Öncelikle İngiltere Hindistan’da yaptığı faaliyetlerini Hindistan’ı askeri olarak ele geçirip ve sömürmek olarak değil de burada bir iskân sağlayarak meydana getirmiştir. Tabi ki yanış anlaşılmadan şunu da ifade etmekte fayda vardır İngiltere Hindistan’ı sömürürken çok da masumane tavırlar ile takınmamıştır. İngilizler her ne pahasına olursa olsun mümkün olan en kısa sürede fazla servet birikimi yapmak üzere vahşi bir sömürü güdüsüyle hareket ederek Hindistan’ın tüm üretim ticaret ve paylaşım sistemini darma dağın eden siyasetleri 1769-1780 yıllarındaki meşhur Bengal Kıtlığını doğurmuştur[2]
İngilizlerin Hint coğrafyasında sahneye çıkışı 1600 yılında Doğu Hindistan Şirketinin faaliyeti ile başlamıştır. 1608 yılında Şah Cihangir´in izin vermesi ile ilk ticari faaliyetine başlayan şirket, yıllar geçtikçe bir güç merkezine dönüşmüştür. İngilizlerin Doğu Hindistan Şirketi adeta bir Truva atı vazifesi görerek ülkenin içten fethedilmesini sağlamıştır. Ticari gücü öyle boyutlara ulaşmıştır ki karşısında hiçbir güç duramamıştır. Elde ettiği güç ve ticareti koruma altında kurduğu ordu ile rakiplerini saf dışı etmekle kalmamış; ülkenin yöneticilerini de etkisiz hale getirmiştir[3]
İngiliz Doğu Hindistan Şirketi kurulmadan önceki dönemlerde de İngilizlerin bazı ticari organizasyonları vardı. Kraliyet, nüfuz sahibi belli bir kişiyi belli bir süreliğine bu kuruluşların başına getirmiştir. Kraliyet desteğini doğrudan alan bu kişi iş gücünü, malzemeyi ve parayı toparlamaya çalışmıştır. Ancak bu girişimler genelde kısa ömürlü olmuştur. Çünkü kaynak ihtiyacı ve olası risk sorunları karşısında dayanıklı bir tutum sergilenememiştir. Bu gibi kaynak sorunlarını ve riskleri hissedarlar üzerine dağıtmak ve sonuçta kâr elde edebilmek için yeni bir yapıya ihtiyaç olduğu düşünülmüştür[4]
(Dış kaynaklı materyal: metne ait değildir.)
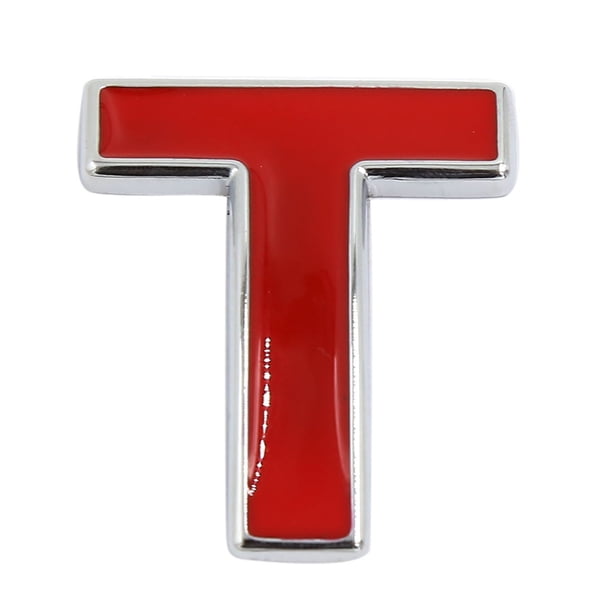 Coche Carrocería 3D Etiqueta Engomada Decoración de La Puerta de Metal Cromado Rojo de Letra T 1 Emblema Decorativa 1,8" X 1,4"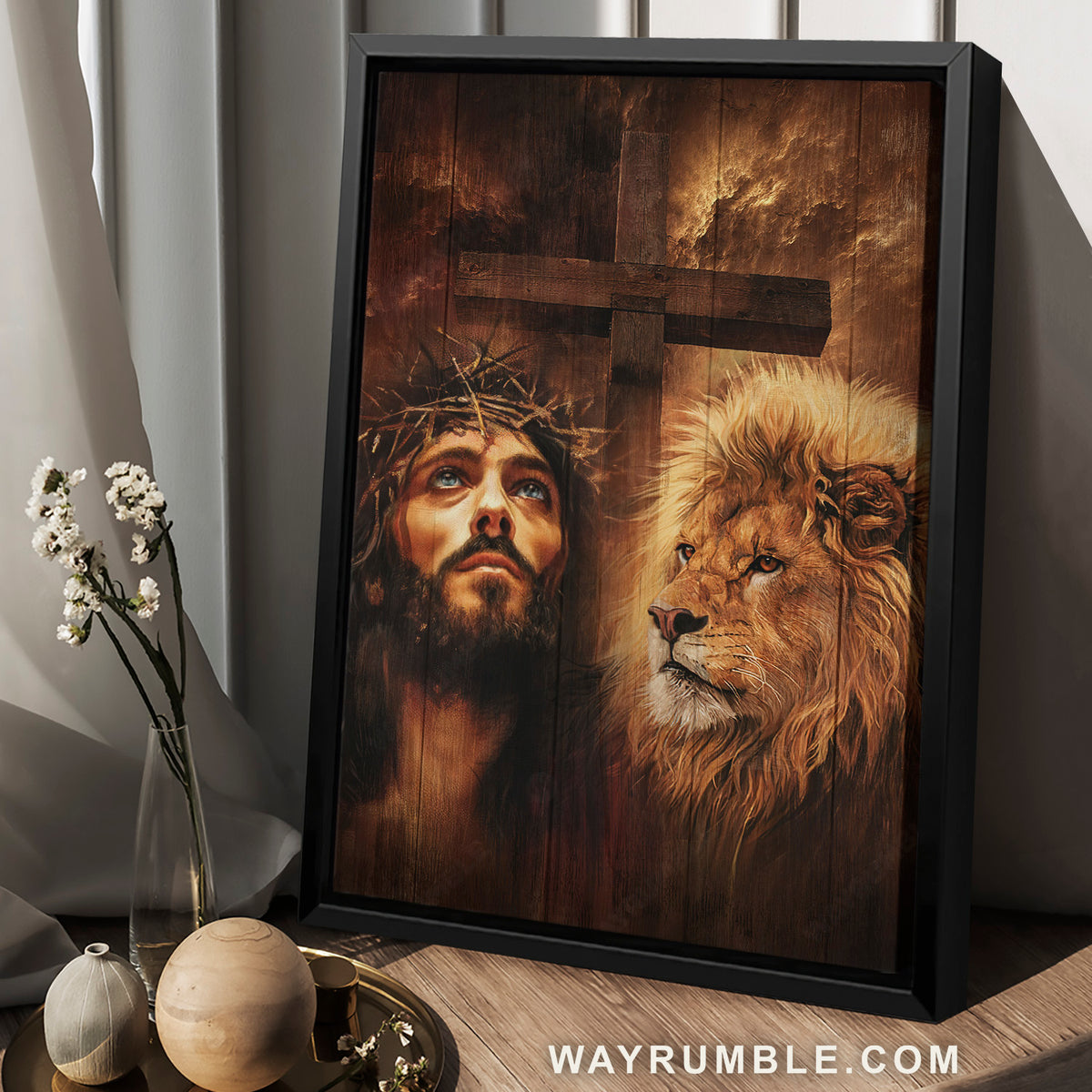 Awesome artwork, Face of Jesus, Lion of Judah, Stunning cross - Jesus Portrait Canvas Prints, Home Decor Wall Art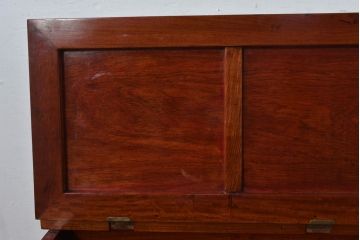 中古　民芸家具　花梨(カリン)材　収納付きで便利な囲炉裏ベンチ(椅子、ダイニングチェア、板座チェア)(R-070312)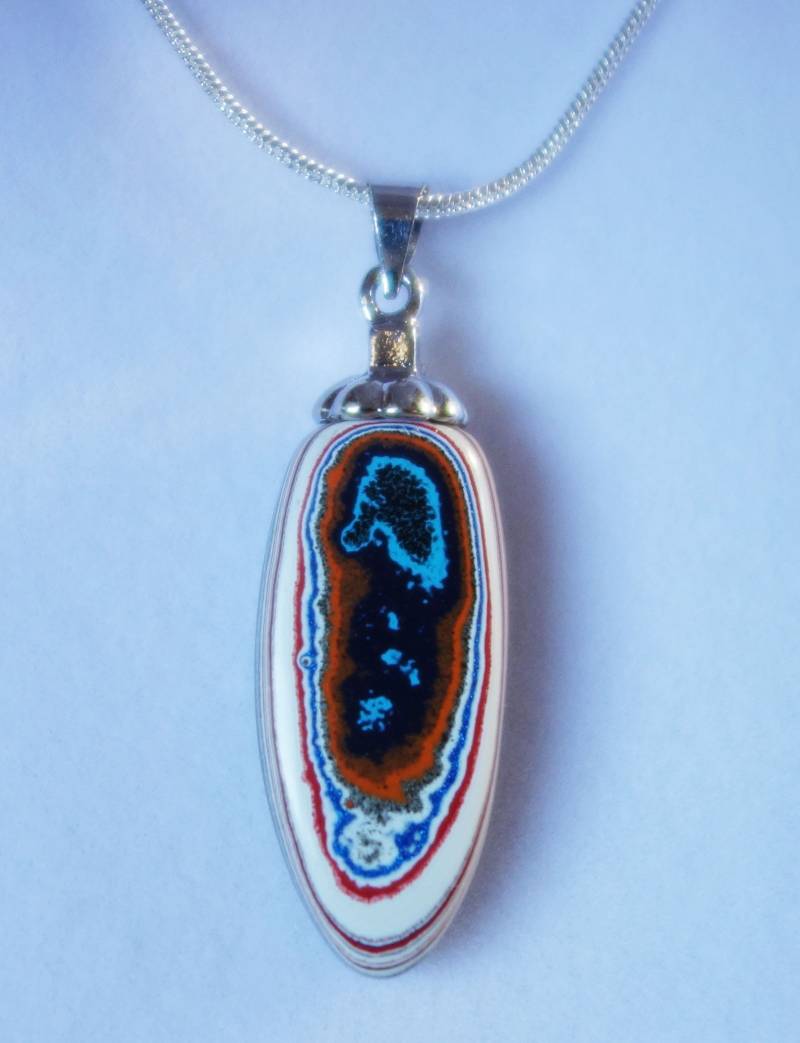 Reversible Detroit Fordite Achat Cabochon Halskette Sterling Silber Anhänger Öse & Kette Fr076 von StandsbyriverArt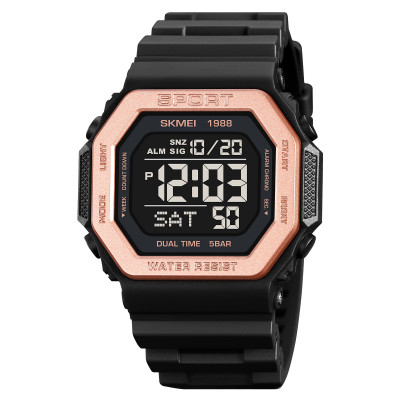Чоловічий спортивний годинник Skmei 1988RG Rose-Gold з електронним циферблатом та захистом 5 ATM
Doğu Hindistan ticaret şirketinin kurulmasının temel nedenlerinden birisi de Avrupa Baharat ticaretinin Hollandalıların elinde bulundurulmasından dolayıdır. İngilizler bu tehlikeyi sezdiklerinden bir gurup Londralı tüccar kraliçeden Hindistan’da bir kumpanya kurmak için talepte bulunmuş ve bunun doğrultusunda Hindistan’da bu ticaret kumpanyasını kurmuşlardır. Bir ticaret anonim şirketi olarak kurulan şirketin hissedarları için sınırlı sorumluluk ilkesi vardır. Şirket işlerini yönetmek ve kilit stratejik kararlar almak için 24 kişiden oluşan yönetim kurulunu seçmek amacıyla yıllık toplantılar düzenlenmiştir. Yönetim seçiminde, sadece 500 sterlinin üzerinde değere sahip hissedarların oy kullanmalarına izin verilmiştir.[5] Şirketin hissedarları, payları oranında ortaktır. Bu hissedarlar kraliyet onayıyla ve seçimle görev almışlardır. Şirket organizasyonunun bir yönetim kurulu olup belli aralıklarla toplanmıştır[6]
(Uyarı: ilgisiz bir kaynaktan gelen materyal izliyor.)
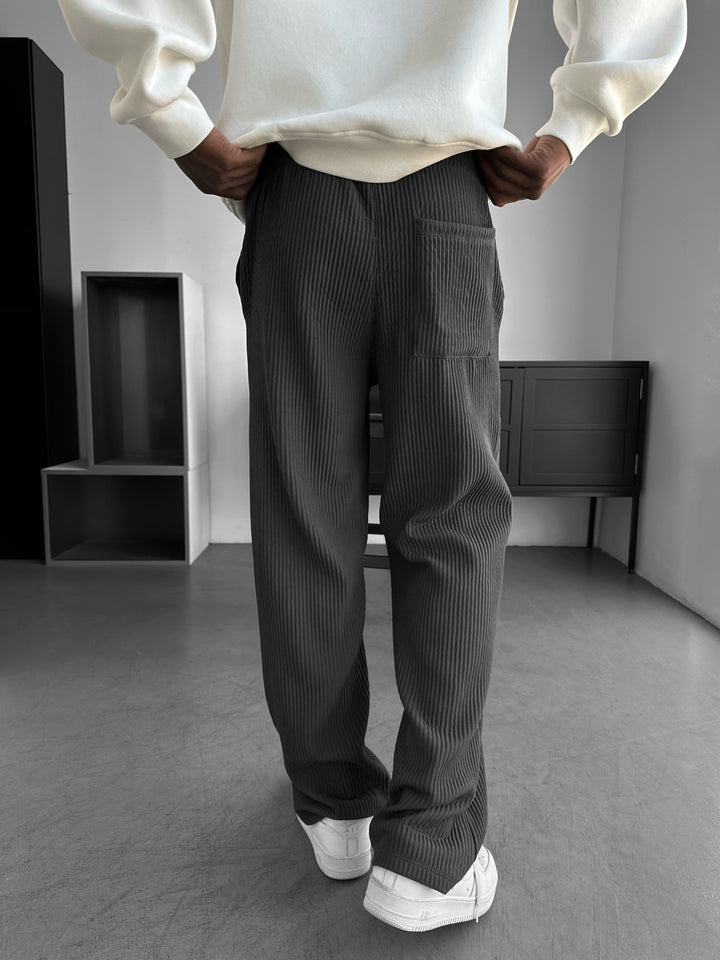 Loose Fit Ribbed Trousers - Anthracite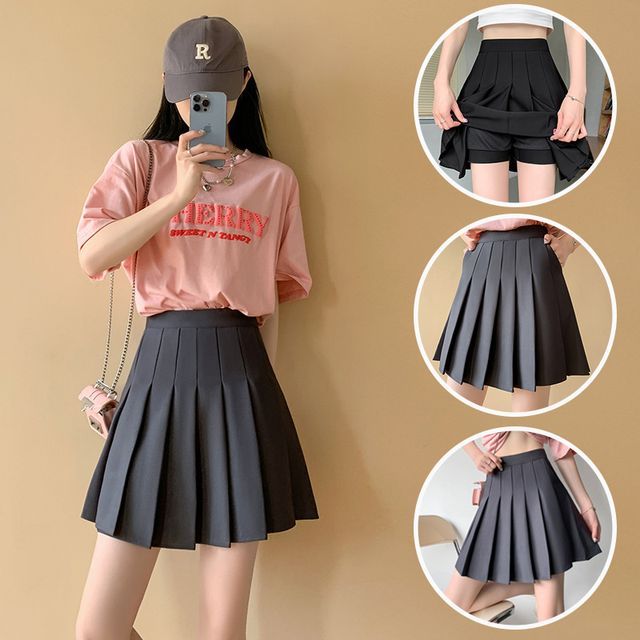 Ukiyo-High Waist Mini Pleated Skirt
Doğu Hindistan Şirketi aynı zamanda askeri güce de sahip bir şirkettir. Onun Kızıldeniz, Basra Körfezi ve Japonya’ya askeri amaçlı seferler düzenlediği de bilinmektedir. Bu savaşların en önemlilerinden birisi 1622’de gerçekleşmişti[7]
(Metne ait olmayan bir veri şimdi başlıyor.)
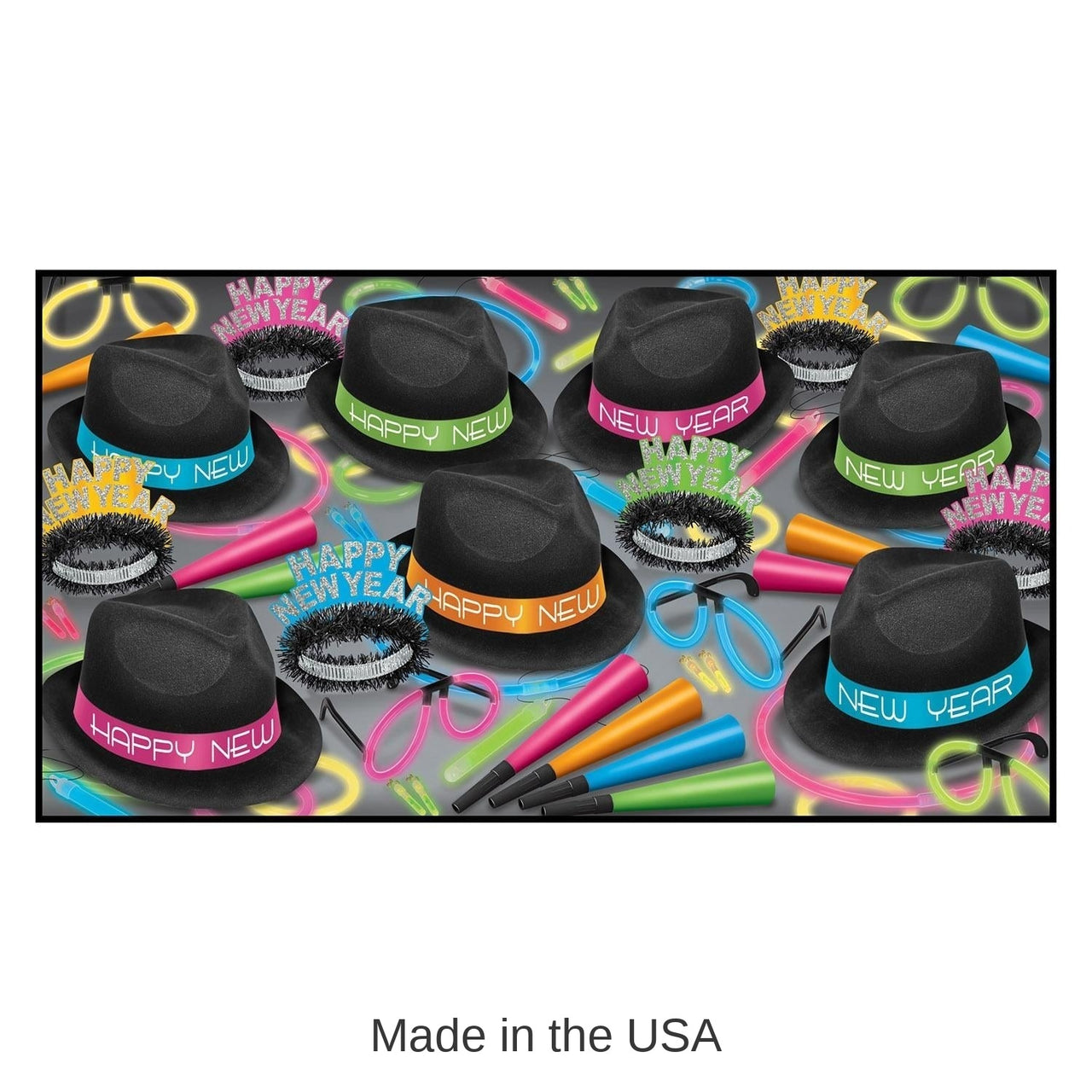 Neon Glow Chairman New Year's Eve Party Kit for 50 People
Doğu Hindistan Şirketi İngiliz Kolonyalizm’i için bu denli sistematik ve sağlam bir şekilde Hindistan’da kurulmuştur. İngilizler bu Şirket yolu ile hem askeri güç hem ticari faaliyet hem de bir takım korsanlık faaliyetleri neticesinde Hindistan’da kalıcı bir koloni hareketi oluşturmuşlardır. Hindistan topraklarını ellerinden kaybetmemek içinde birçok devlet ile savaşmayı da göze almıştır.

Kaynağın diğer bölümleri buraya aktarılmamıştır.